Thursday, March 7, 2013

The uninhabited clause (15)

On this blog, I have often discussed the uninhabited clause* – a clause with a subject that is a physical thing or a concept, as opposed to a person or group of persons. For example, “Saturn is a planet” is an uninhabited clause. There is nothing inherently wrong with using uninhabited clauses. But when we use a lot of them, we exhaust and irritate our readers.

Example

Here are the first three paragraphs of an essay titled, “Sweden: empire of governance feminism,” which appeared on the web site “A Voice for Men.” I have put the subjects of clauses in boldface.

For many of us the extremist brand of gender feminism that has permeated Swedish culture and politics came acutely into focus last year.
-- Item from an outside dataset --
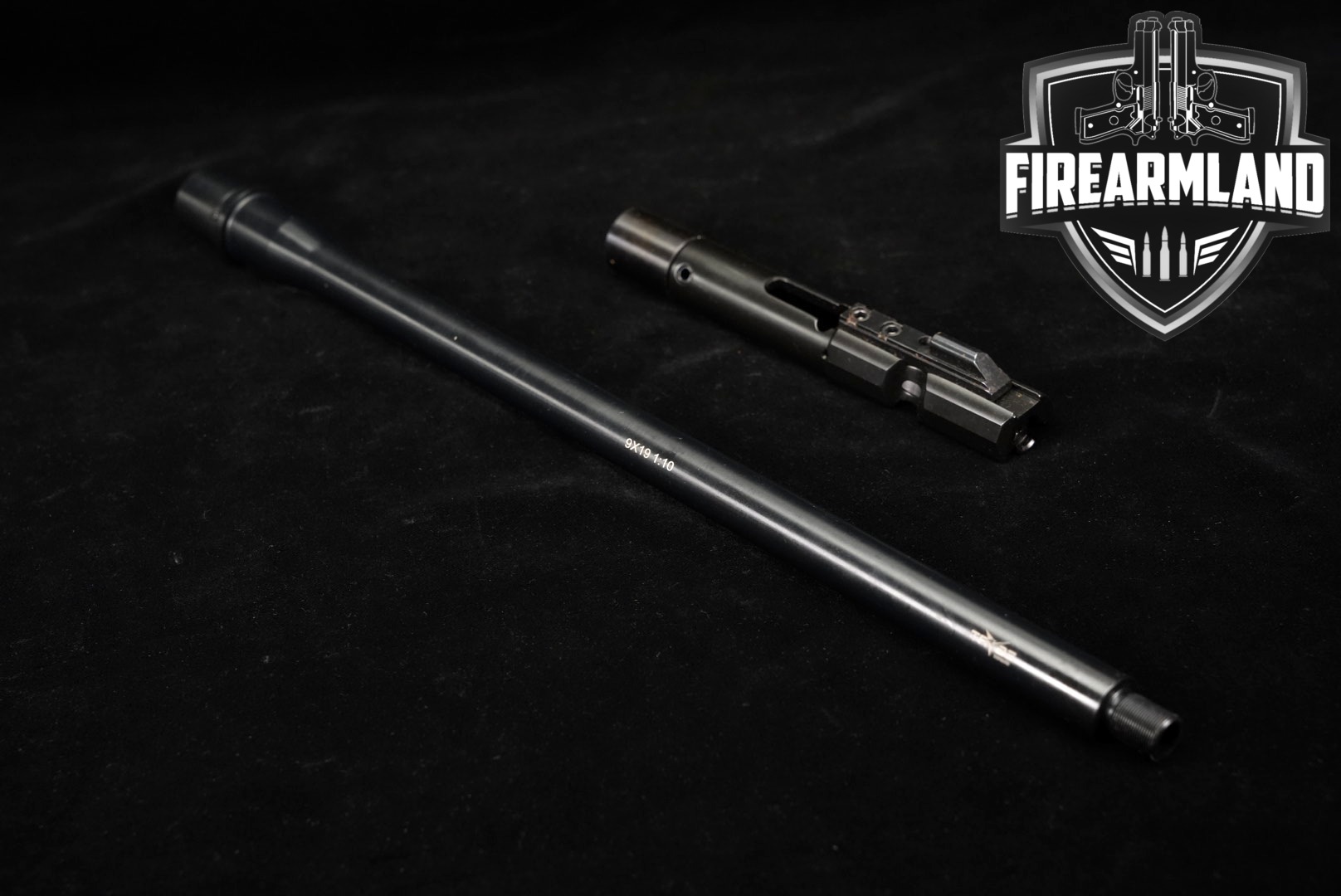 TRYBE Defense AR-15 Barrel & Bolt 9mm Luger in Factory New Condition Thumbnail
The [fictional] YouTube video of a group of female students murdering a man reading a newspaper and their ecstatic post murder dance celebrations, revealing that exposure to and advocacy of male genderocide, [sic comma] is an accepted part of the Swedish education systems [sic for system’s] indoctrination of their [sic for its] youth, [missing copy?] “do your part.”
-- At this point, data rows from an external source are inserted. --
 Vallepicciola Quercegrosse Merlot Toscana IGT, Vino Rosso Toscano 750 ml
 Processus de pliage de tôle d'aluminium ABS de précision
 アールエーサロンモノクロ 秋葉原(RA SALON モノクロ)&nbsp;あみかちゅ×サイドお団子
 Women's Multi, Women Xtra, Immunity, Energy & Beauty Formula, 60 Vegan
Letters to Australian [sic] parliamentarians including the then Foreign Minister Kevin Rudd asking for our government to expresses [sic for express] diplomatic alarm at such vilification on the basis of sex, [sic comma] fell on deaf ears [sic comical mixed metaphor]. An AVFM commentator provided a link to the Swedish documentary (with English subtitles) “The Gender War” (Könskriget) by journalist Evin Rubar, which is highly recommended viewing for anyone who has not yet seen it and interested in the truth about Swedish feminism.
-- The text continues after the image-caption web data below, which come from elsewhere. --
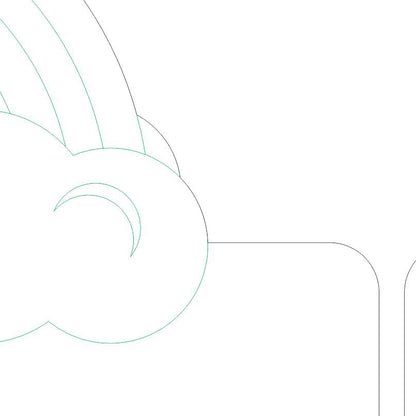 Medal holder Rainbow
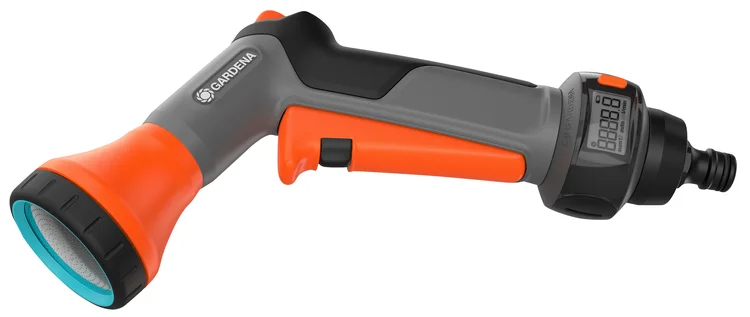 Pistolet d'arrosage compteur d'eau AquaCount - GARDENA - 18352-20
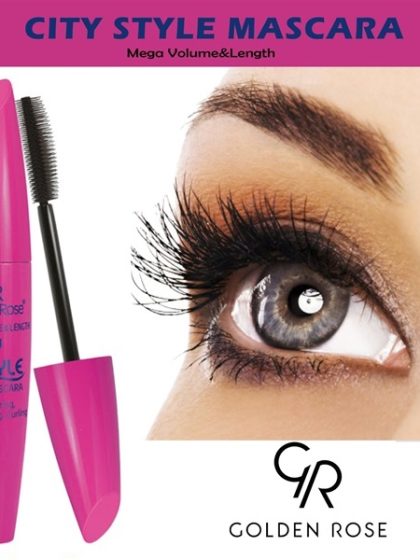 Golden Rose - City Style Mascara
The most disturbing aspect of this documentary is the confirmation that the central tenants [sic for tenets] of radical feminism have been accepted in Sweden as core political orthodoxy and all aspects of legislation and government services must adhere to it’s [sic for its] “gender correct” understanding of male dominance and oppression. (I have deleted the footnotes from this passage.)

Analysis

I’m sure you can feel it. For some reason, the writer has gone out of his way to make a highly controversial topic (advocacy of murder) sound boring. He selected non-human subjects 9 out of 13 times:

brand came
that has permeated
video [the author omitted the verb]
exposure is
advocacy is
you [the pronoun is implied by the imperative mood of the verb] do

Letters fell
commentator provided
which is
who has not yet seen; is [the verb is implied] interested

aspect is
tenants have been accepted
aspects must adhere

A livelier version

By putting in more people, the writer could easily have done justice to his topic and made his essay more lively and powerful. For example, here is how the first paragraph might read:

Last year, in a fictional video, a Swedish woman murdered a man in cold blood and her friends celebrated the murder by dancing in ecstasy – illustrating how feminist women have corrupted Swedish culture and politics with their violent “gender feminism.” Even Swedish schoolteachers are advocating the murder of men.

The Takeaway: Unless you are writing about abstract topics such as metaphysics or mathematics, you should strive to include persons in most of your clauses. Otherwise, you will sound academic and boring. Intelligent readers will notice that you have worked hard to undermine your own points. At best, they will ignore you. At worst, they will distrust you.**

See disclaimer.

*My coinage, so far as I know.

**I would be afraid to do business with a man who writes this way – unless he were hiring me to improve his writing. Even then, I would ask for payment in advance.